Aku sangat suka traveling. Padahal, sejak kecil, aku sama sekali gak pernah diajak kemana-mana sama keluarga. Gak pernah ada liburan dan acara bersama apapun di keluargaku. Cukup disayangkan menemukan fakta bahwa semua canduku soal pergi jauh disebabkan oleh beberapa kesedihan yang kualami.

Puluhan pantai sudah kukunjungi, 6 gunung sudah kudaki, ribuan kilometer sudah kutempuh dengan mengendarai motor sendirian. Dari pulau sumatra, jawa, bali, dan lombok. Apakah itu worth it? Tentu saja iya!

Selalu ada banyak hal yang kutemukan ketika berjalan jauh. Memperhatikan orang-orang sekitar, melihat perbedaan yang kontras ketika mengunjungi desa dan kota, memperhatikan segala kebudayaan dan agama yang berbeda. Aku juga sangat menikmati tantangan dan kesulitan yang ada. Hampir meninggal di gunung slamet, kabel kopling motor putus di daerah pegunungan di jawa barat ketika perjalananku motoran dari bali ke jakarta, kulit belang dan mengelupas karena sunburn, mabuk perjalanan di kapal menuju lombok, dan banyak lagi.

Jadi, hal apa saja yang kupelajari selama berjalan jauh?

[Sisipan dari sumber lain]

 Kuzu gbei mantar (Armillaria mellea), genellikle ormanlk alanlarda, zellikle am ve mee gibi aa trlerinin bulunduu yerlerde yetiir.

Pertama, bahwasanya aku bukanlah pusat alam semesta. Aku dulu berfikir bahwa semua yang berjalan di hidup ini hanya untukku saja. Seperti hanya aku yang hidup di dunia ini. Aku memandang masalah yang ku punya adalah masalah terberat yang orang lain tidak akan pernah paham. Aku tidak peduli dengan apa yang orang lain alami. Tetapi nyatanya, itu adalah keegoisan. Dunia itu luas, gak selamanya hal yang aku pahami adalah benar. Dan manusia lahir untuk saling melengkapi dan membantu satu sama lain.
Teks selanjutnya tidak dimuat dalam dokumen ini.